小さなチーム、大きな仕事―37シグナルズ成功の法則

37signalsの経営陣による経営哲学本。37signalsは日本ではあまり知られていませんが、プロジェクト管理ツール「Basecamp」などをウェブサービスとして提供しており、インターネット系のひとには割に有名な会社です。独自の経営哲学も有名で、本書はそれらをまとめて、小さなチームで最大限の仕事をするための方法がたくさん書かれています。

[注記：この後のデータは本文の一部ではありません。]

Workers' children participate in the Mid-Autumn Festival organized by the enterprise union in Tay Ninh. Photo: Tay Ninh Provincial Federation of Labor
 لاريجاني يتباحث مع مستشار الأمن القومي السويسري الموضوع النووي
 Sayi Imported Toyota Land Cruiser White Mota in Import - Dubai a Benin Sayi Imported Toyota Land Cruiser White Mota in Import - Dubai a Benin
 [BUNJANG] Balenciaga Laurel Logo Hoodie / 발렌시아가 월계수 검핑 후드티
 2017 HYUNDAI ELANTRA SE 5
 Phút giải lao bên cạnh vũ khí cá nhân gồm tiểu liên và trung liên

もちろん37signalsの事業体の特殊性による部分もありますが、ウノウもエンジニア主体の会社であることもあり、非常に勉強になりました。いい部分は取り入れて行きたいと思います。

<抜粋>
・失敗は成功の源ではない。ハーヴァード・ビジネススクールのある調査によると、一度成功した起業家は次もうんと成功しやすい(次に成功する確率は34パーセント)。しかし最初に失敗した起業家が次に成功する確率は、はじめて起業する人と同じでたったの23パーセントだ。一度失敗している人は、何もしなかった人と同じぐらいにしか成功を収めていない。成功だけが本当に価値のある体験なのだ。
・午後二時、普通は会議中だったり、メールに返信していたり、同僚とおしゃべりしてたりしている。同僚に肩をポンとたたかれてその場で始まるちょっとした会議は害のないように思えるが、実際には生産性を蝕んでいる。作業の中断は協調作業ではなく、ただの中断だ。そして、あなたの仕事が終わらない。
・実際考えてみると、会議の本当のコストは信じ難いものだ。一時間かかる会議を設定し、参加者を10人招待したとしよう。これは実際には一時間の会議ではなく10時間の会議である。1時間の会議の時間と10時間の生産力を交換しているのだ。
・ToDoリストもより短くするようにしよう。長いリストにはゴミが集まる。長いリストに書かれたことをすべてやりとげたことがあるだろうか?
・たとえ有能な人でも必要のない人間を雇うことはない。有能な人を雇っても何もやることがないのでは、あなたの企業には百害あって一利なしなのだ。
・小さなチームでは、働いてくれる人間が必要なのであって、人に仕事を振る人間が必要なのではない。皆何かを生み出さなければならない。結果を出さないといけないのだ。
・メールを出してから返事がくるのに何日、何週間と待たされた経験は? どういう気持ちになっただろう? 近頃「待たされる」のが通常化してしまったせいか、「待つ」ことが普通と思い込んでいる人が実に多いのだ。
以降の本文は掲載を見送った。